In the data below, find the line with "Dubai, Health, Rira Spa Offer 1/27/2026" and the line with "Hagerty Silver Cleaning", then restate both and every line between them exactly, minus the pictures.

[[ Data excerpts, beginning ]]

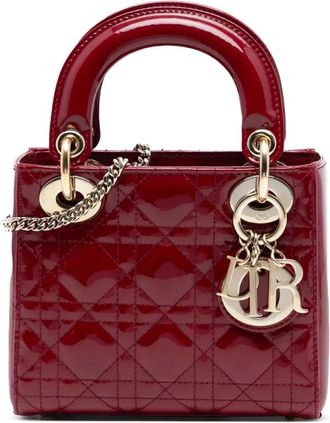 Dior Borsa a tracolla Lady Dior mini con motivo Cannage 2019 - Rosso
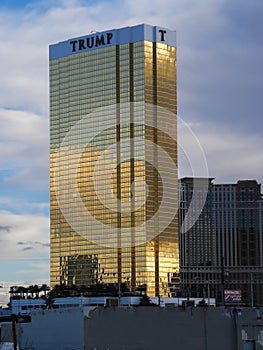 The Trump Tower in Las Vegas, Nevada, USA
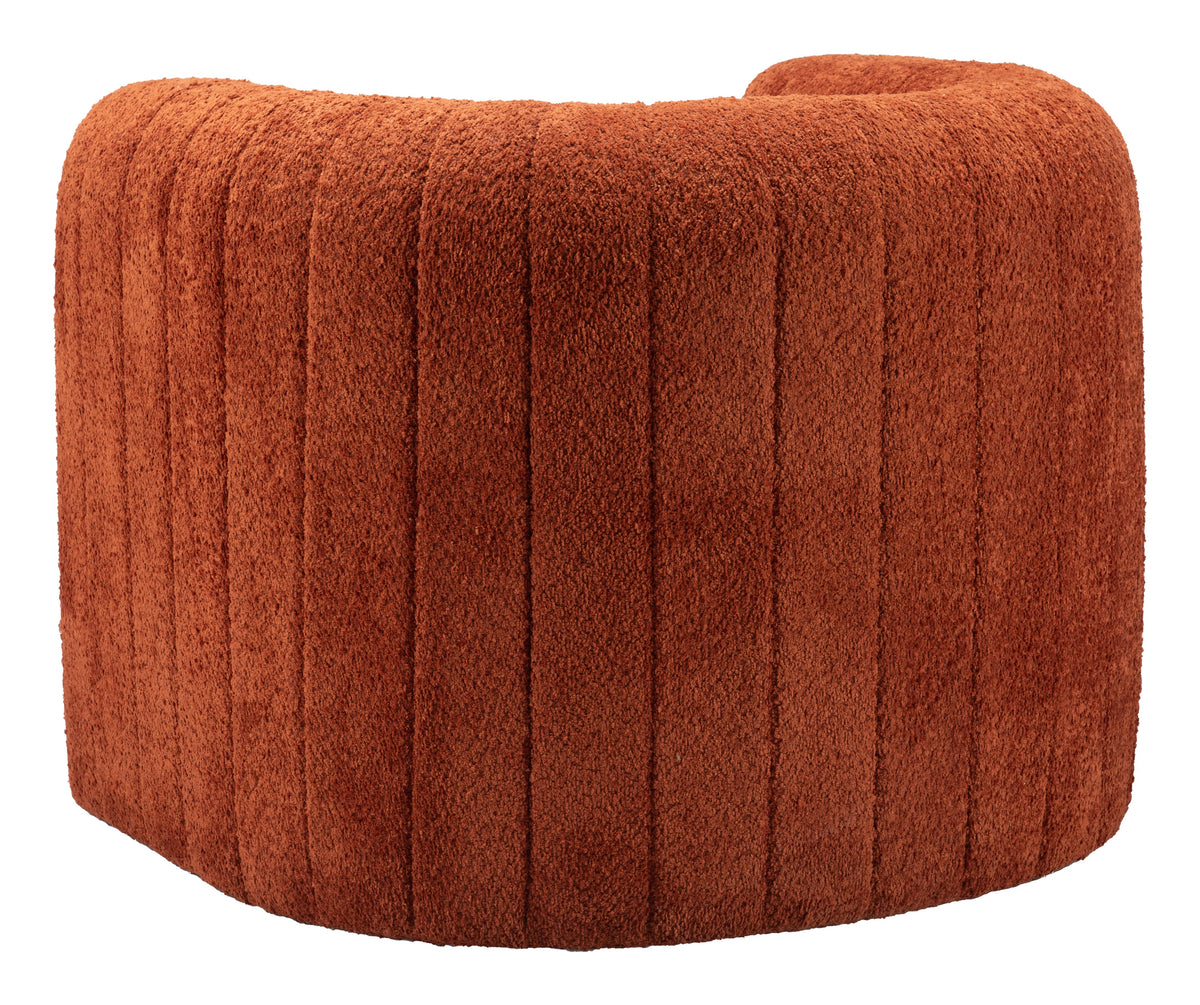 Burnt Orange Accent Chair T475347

[[ Data excerpts, end ]]
[[ Data excerpts, beginning ]]

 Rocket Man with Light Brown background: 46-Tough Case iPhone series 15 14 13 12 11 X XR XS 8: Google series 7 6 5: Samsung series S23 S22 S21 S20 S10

[[ Data excerpts, end ]]
[[ Data excerpts, beginning ]]

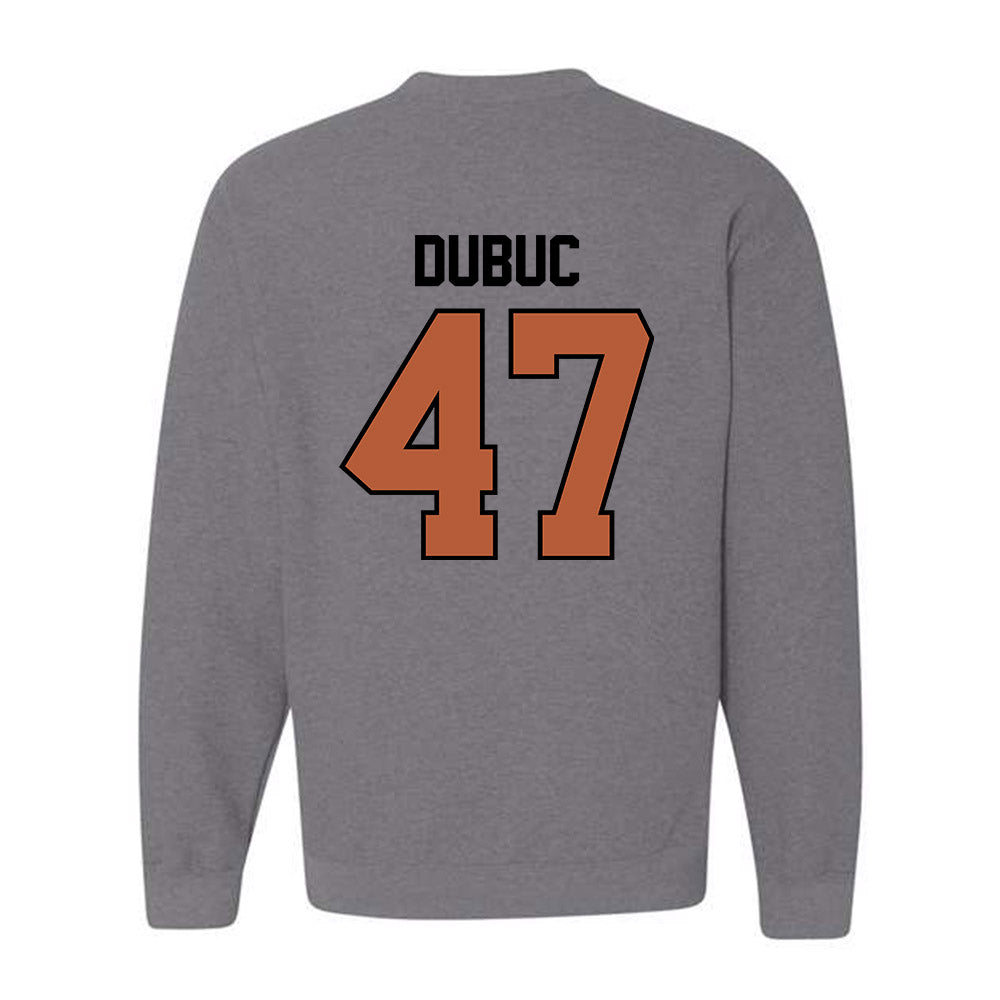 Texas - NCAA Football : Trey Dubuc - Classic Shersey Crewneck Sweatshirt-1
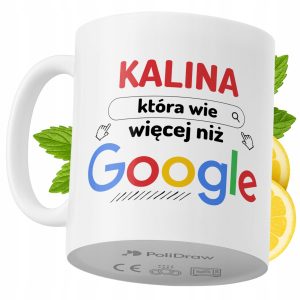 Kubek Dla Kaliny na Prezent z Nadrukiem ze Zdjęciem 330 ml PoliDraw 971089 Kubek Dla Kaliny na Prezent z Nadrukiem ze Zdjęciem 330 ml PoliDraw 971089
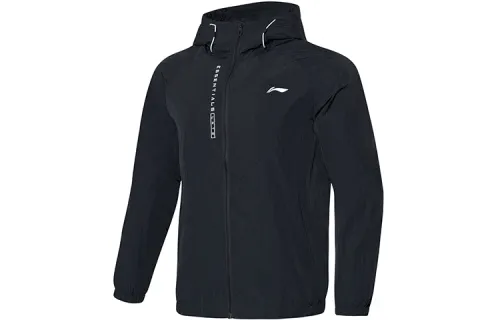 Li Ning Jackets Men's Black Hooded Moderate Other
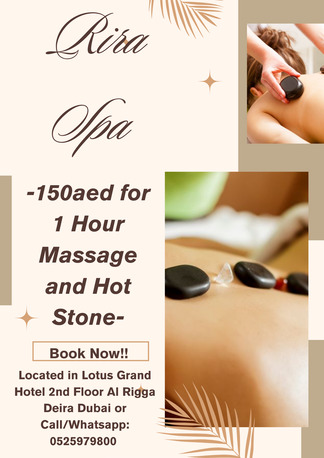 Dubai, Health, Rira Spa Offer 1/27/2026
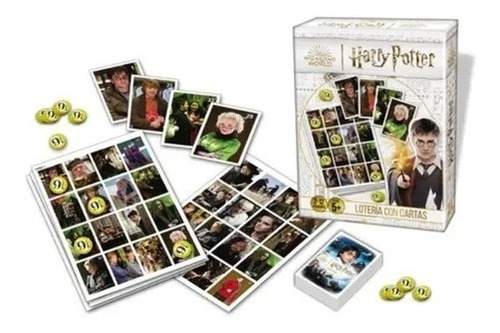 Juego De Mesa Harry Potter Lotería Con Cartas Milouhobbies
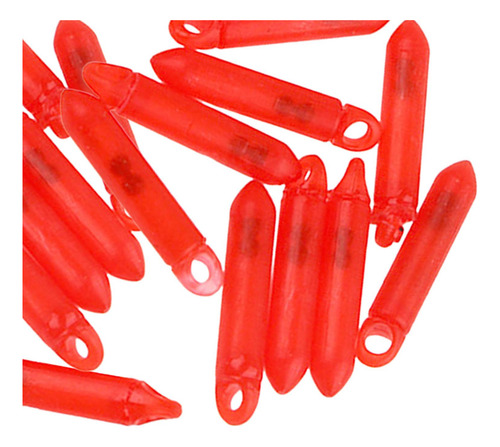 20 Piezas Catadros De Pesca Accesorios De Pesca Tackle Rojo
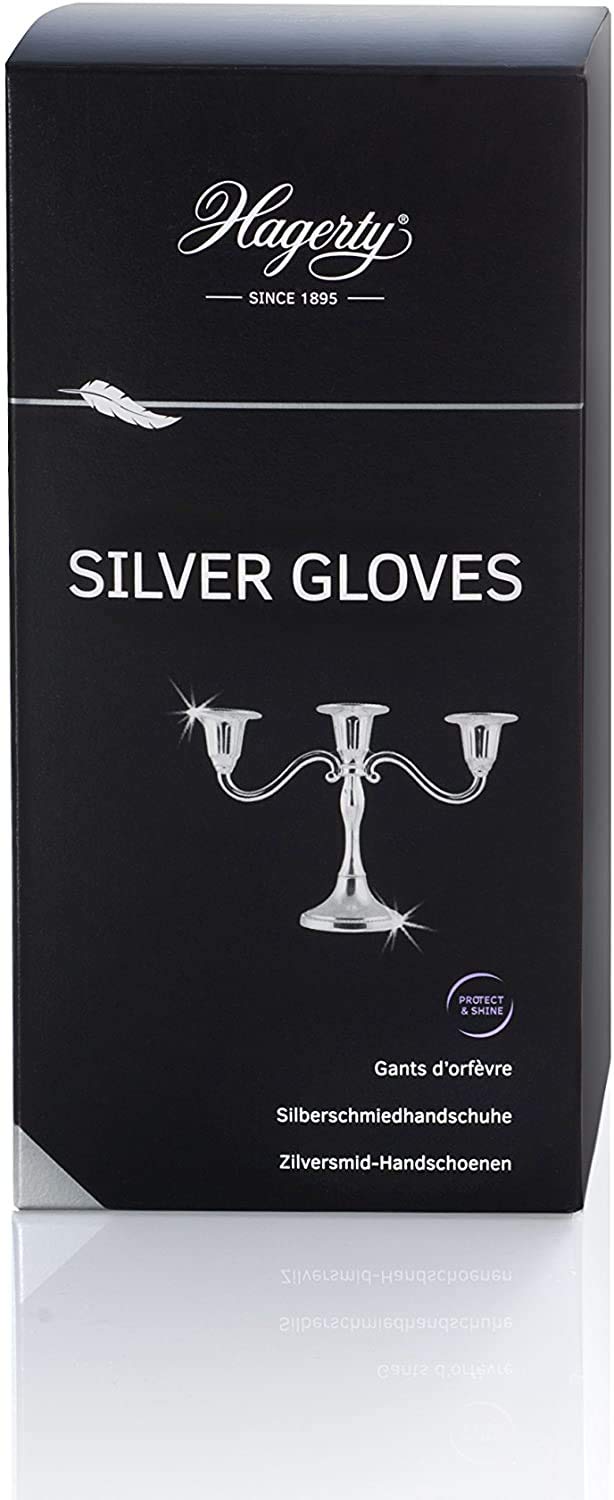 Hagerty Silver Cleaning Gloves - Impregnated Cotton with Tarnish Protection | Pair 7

[[ Data excerpts, end ]]

▶ _Output_
 Dubai, Health, Rira Spa Offer 1/27/2026
 Juego De Mesa Harry Potter Lotería Con Cartas Milouhobbies
 20 Piezas Catadros De Pesca Accesorios De Pesca Tackle Rojo
 Hagerty Silver Cleaning Gloves - Impregnated Cotton with Tarnish Protection | Pair 7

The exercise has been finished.